**Directions for this task**
Please print, exactly, only the lines in the entries below from the line that has "een slaapkamer met" through the line that has "ওসি মিজানুর রহমান।". Pictures don't go in.

**Extracted material**

-*-

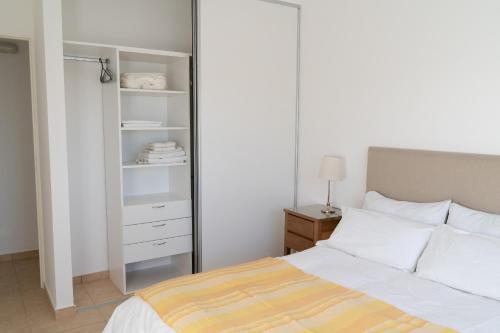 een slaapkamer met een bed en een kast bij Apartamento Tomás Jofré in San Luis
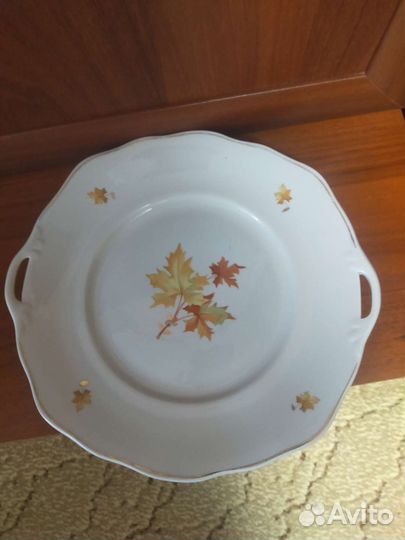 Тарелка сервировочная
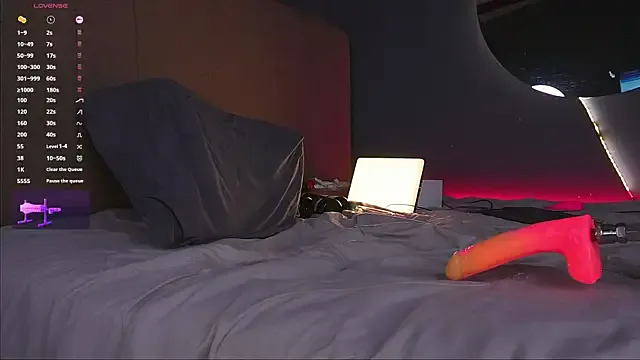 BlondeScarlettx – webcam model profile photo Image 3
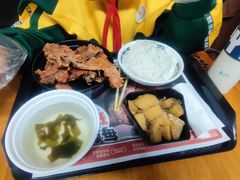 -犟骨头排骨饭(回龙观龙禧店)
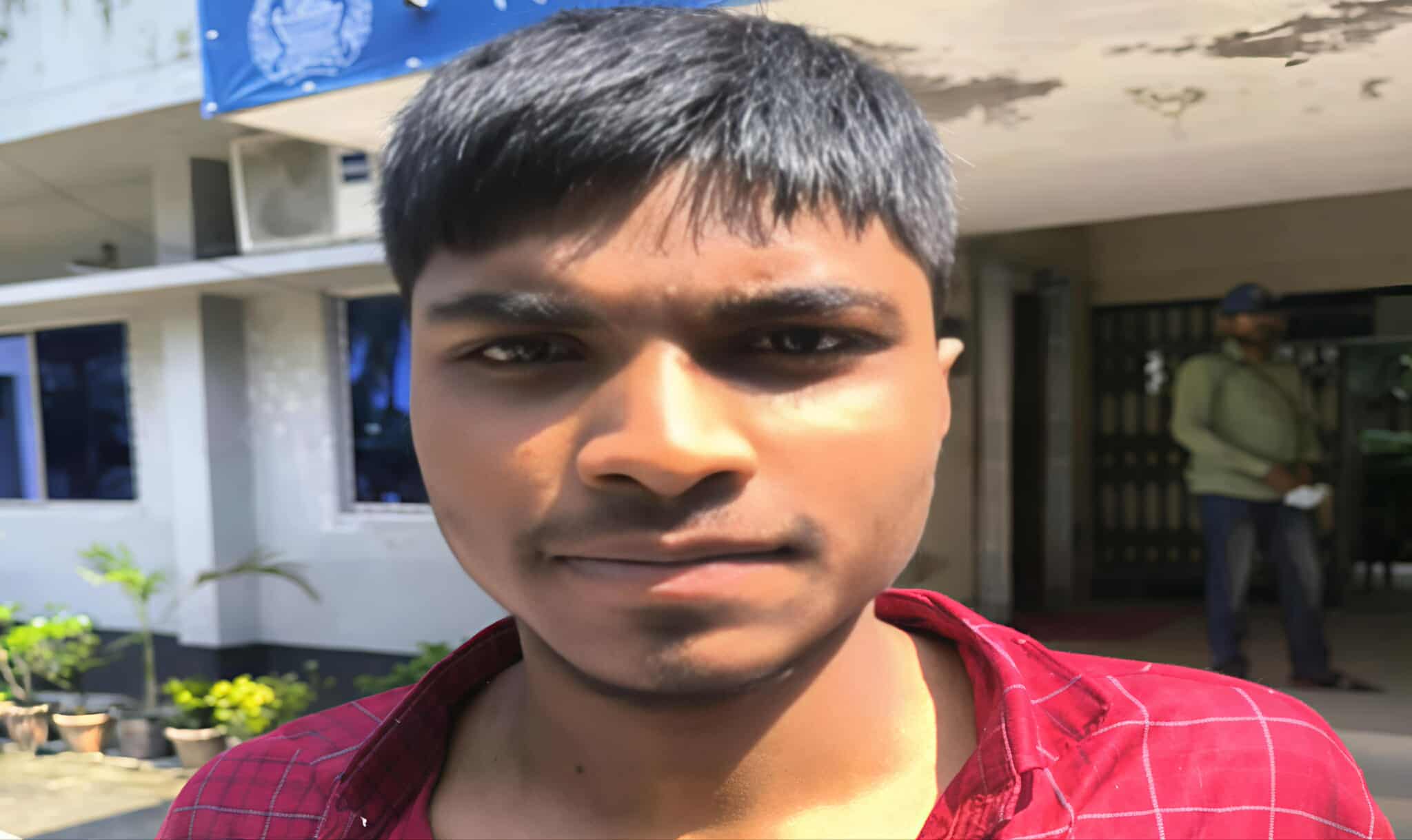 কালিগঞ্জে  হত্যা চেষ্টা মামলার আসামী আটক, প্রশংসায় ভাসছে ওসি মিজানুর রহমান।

-*-

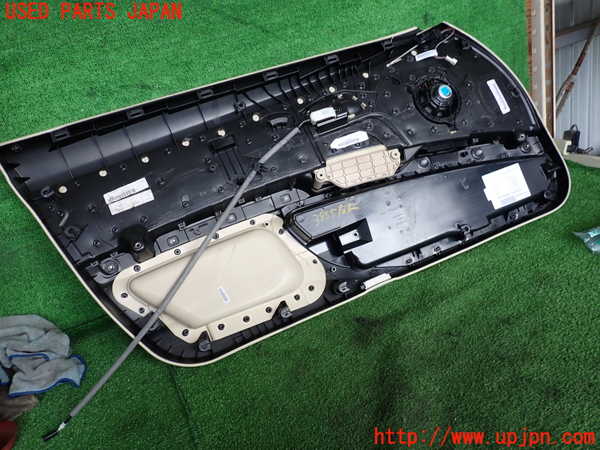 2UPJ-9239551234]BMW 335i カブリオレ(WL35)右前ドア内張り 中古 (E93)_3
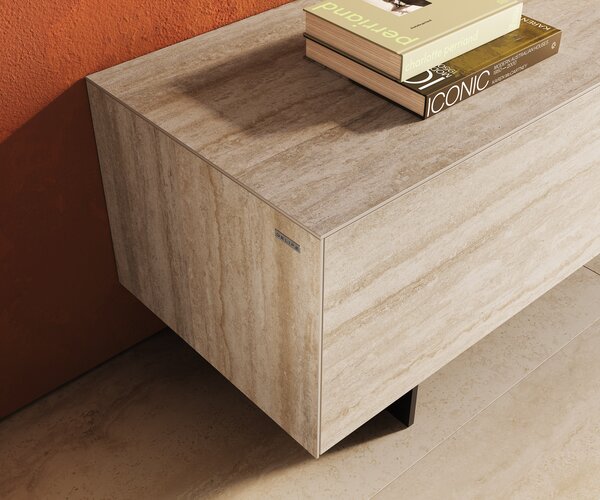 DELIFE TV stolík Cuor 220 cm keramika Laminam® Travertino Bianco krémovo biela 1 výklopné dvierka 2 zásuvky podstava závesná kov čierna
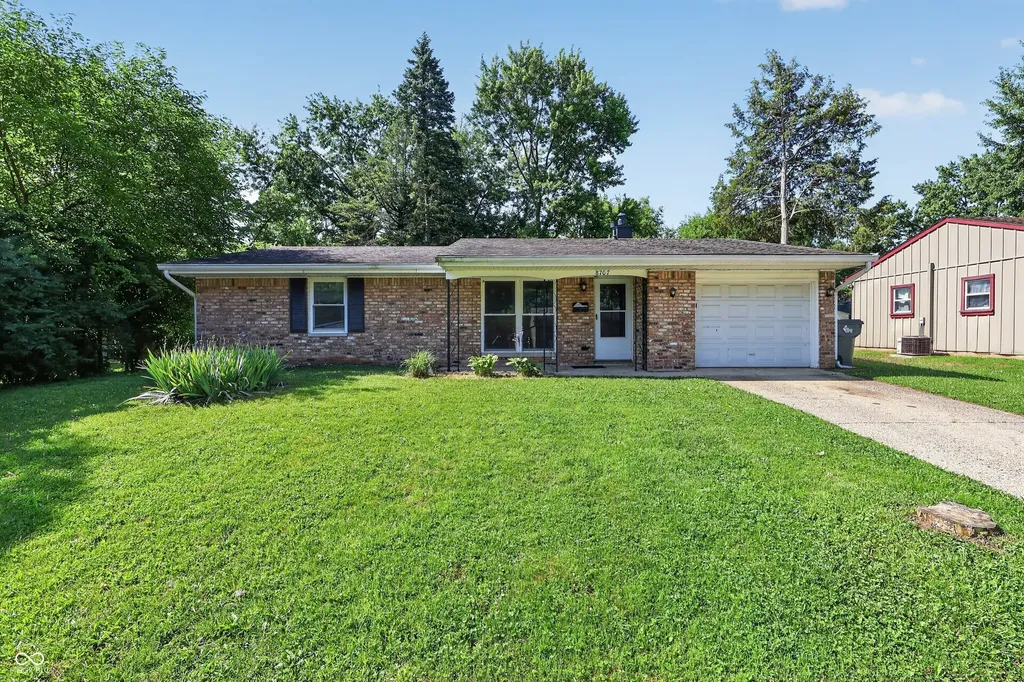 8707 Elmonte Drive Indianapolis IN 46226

-*-

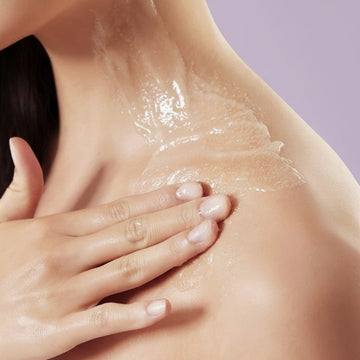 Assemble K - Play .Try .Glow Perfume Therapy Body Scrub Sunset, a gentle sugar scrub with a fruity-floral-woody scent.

-*-

**Written solution**
 een slaapkamer met een bed en een kast bij Apartamento Tomás Jofré in San Luis
 Тарелка сервировочная
 BlondeScarlettx – webcam model profile photo Image 3
 -犟骨头排骨饭(回龙观龙禧店)
 কালিগঞ্জে  হত্যা চেষ্টা মামলার আসামী আটক, প্রশংসায় ভাসছে ওসি মিজানুর রহমান।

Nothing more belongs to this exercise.